Aggiungo una breve modesta considerazione. Nietzsche, volendo distruggere il mito, sa lo scotto che l’essere umano deve pagare. Proprio a questo punto c’è da ricordare come il culmine del suo pensiero è, non tanto la morte di Dio, bensì l’adesione al destino – amor fati – che è forma eroica di adesione al tempo, ai suoi limiti (ricordo Simone Weil e il suo motto “obbedire al tempo”). La grandezza dell’essere umano, in ultima istanza, consiste nell’accettare il limite. Ma …. perché spegnere elementi costitutivi della storia, come i miti?  perché varcare i limiti dell’umano? perché accettarli in maniera così seriosa? Un presepe con la sua greppia è mito di semplicità incantevole, avvolta di fascino, e parla al cuore. Ben altra cosa è strumentalizzare il mito, trasormandolo in idolo religioso. 
b. ACCESSIBILE A TUTTI
La scommessa di cui parla B. Pascal è di più facile e generalizzato approccio, tanto che i suoi Pensieri hanno trovato il favore di un vasto pubblico tra i libri da scegliere proposti nell’Anno della Fede (su Dio si può scommettere, ma è bene ricordarsi che è in ballo il destino umano, anziché quello di Dio).
Tra la gente anche di scarsa cultura fioriscono gruppi di spiritualità intrisa di tendenze naturistiche (in primis ecologiche). In essi si fa appello alle energie nascoste nell’essere umano, che spiegherebbero  più di quanto non possano le religioni; intanto si fa ricorso alle potenzialità umane, come se esse fossero capaci di autonomi assoluta.
La fede, intesa in senso tradizionale, è appagante per i più, comprese, stranamente, persone di cultura e di aspirazione religiosa: il mito della santità personificata in personalità profetiche – cantautori, benefattori umanitari, premi Nobel eccetera – che si discostano dai santi aureolata nella chiesa cattolica (!).

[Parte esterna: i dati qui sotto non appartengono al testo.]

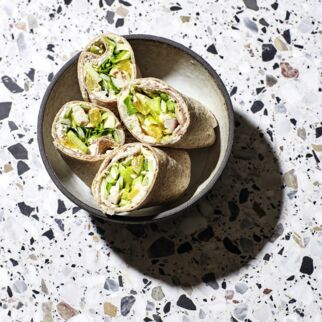 Wrap mit Forellencreme, Orange und Sellerie Wrap mit Forellencreme, Orange und Sellerie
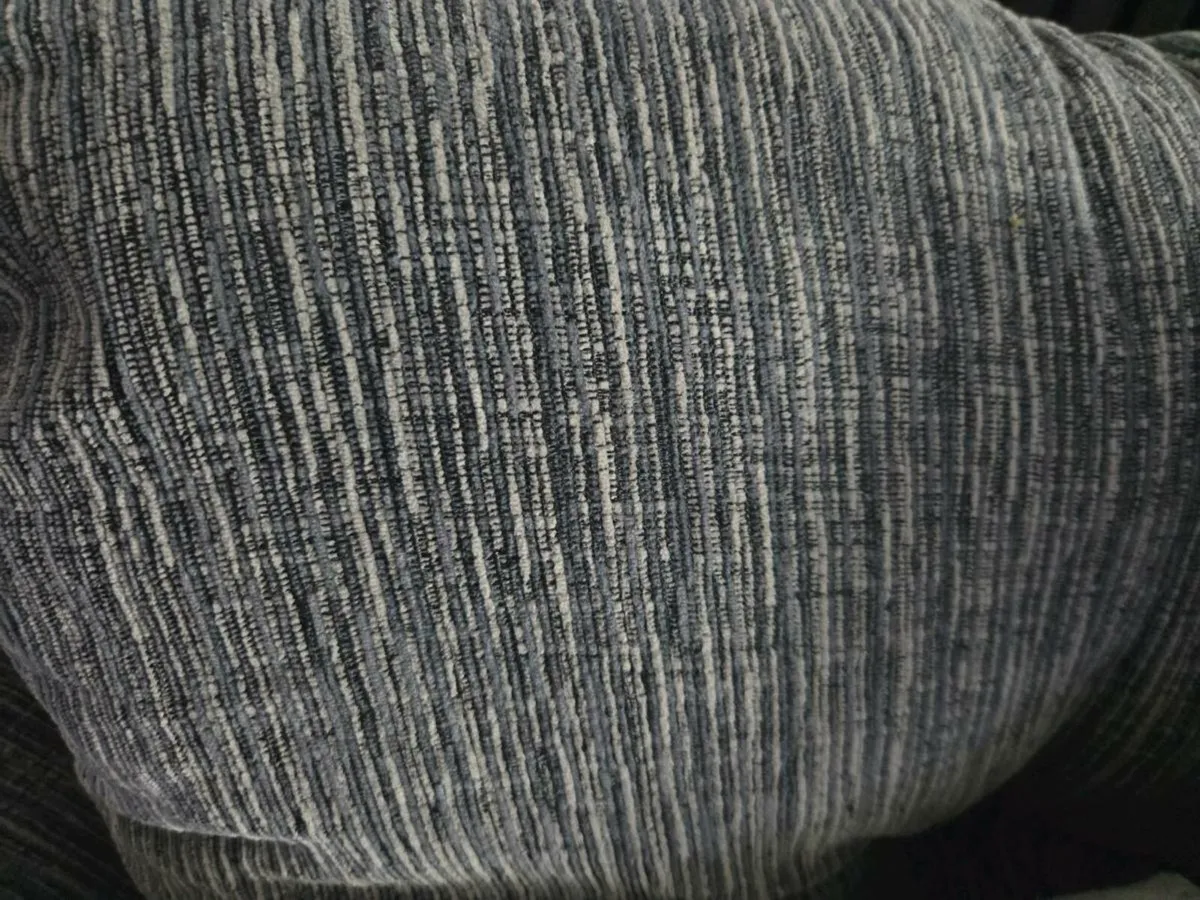 4 seater and 2 seater sofa - Image 4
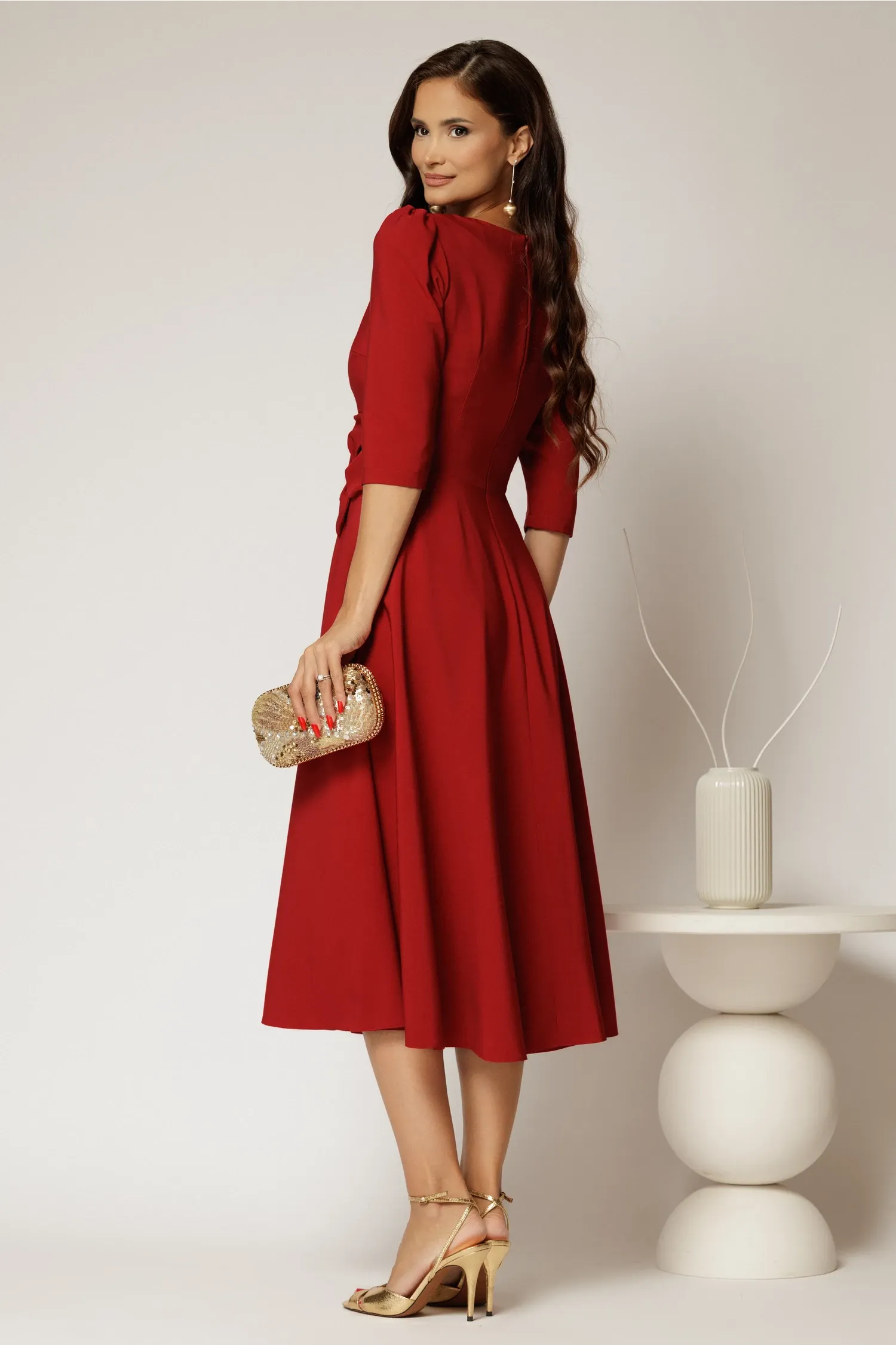 Rochie midi rosie din stofa in clos cu floare in talie 2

Eppure non ci vuole un Nietzsche, e nemmeno un Pascal, per entrare nell’ottica pura e semplice del bisogno di Dio di cui parlano i mistici. Le dogmatizzazioni cattoliche, ma anche altre dogmatizzazioni sottese in altre chiese cristiane e non (basti pensare al musulmanesimo), impediscono il cammino verso la verità di Dio e dell’essere umano che liberi le coscienze, senza sognare riforme dall’Alto.
E ciò è possibile. Basta avere il coraggio di credere senza affidamento cieco al mito, ma senza spirito iconoclastico, senza esaltazioni per una fede (ahimè) progressista.